- [Task directions]: Below is a listing; retype exactly the line with "Stewart Atholl Modern" and every line after it through the end, and only those, leaving out the pictures.

- [Dataset section]:
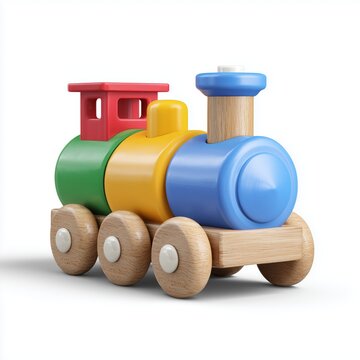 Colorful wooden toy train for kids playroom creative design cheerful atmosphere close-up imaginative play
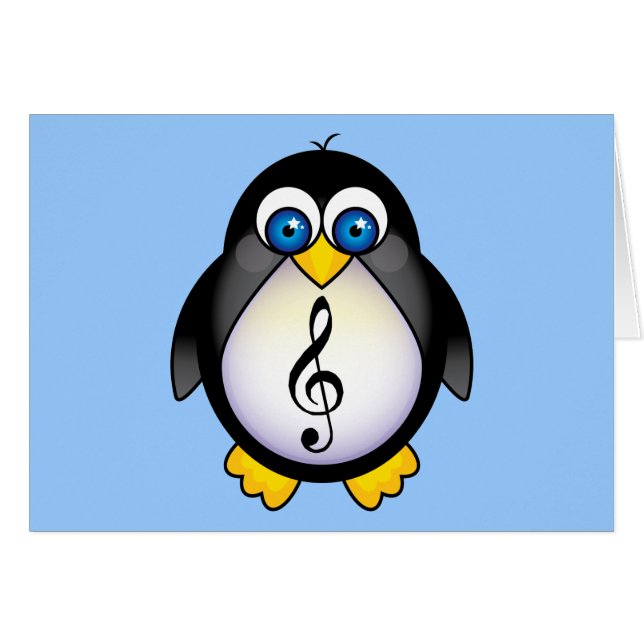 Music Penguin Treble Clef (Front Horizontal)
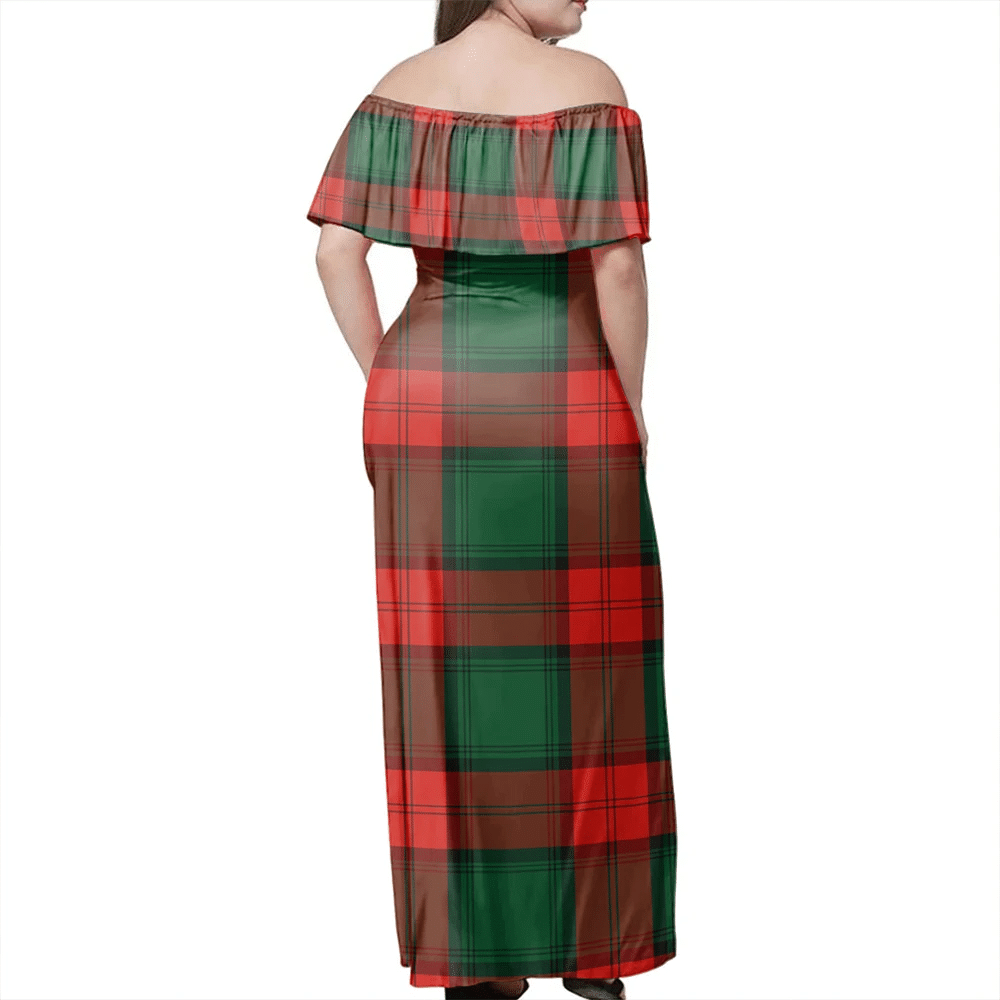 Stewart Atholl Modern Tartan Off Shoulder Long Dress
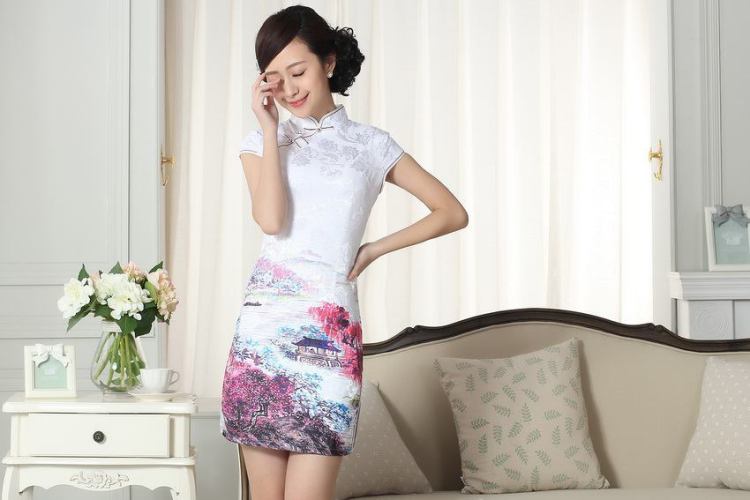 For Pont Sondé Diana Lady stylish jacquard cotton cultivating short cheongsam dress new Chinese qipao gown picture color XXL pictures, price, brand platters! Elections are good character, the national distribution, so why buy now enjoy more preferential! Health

- [Solution to the exercise]:
 Stewart Atholl Modern Tartan Off Shoulder Long Dress
 For Pont Sondé Diana Lady stylish jacquard cotton cultivating short cheongsam dress new Chinese qipao gown picture color XXL pictures, price, brand platters! Elections are good character, the national distribution, so why buy now enjoy more preferential! Health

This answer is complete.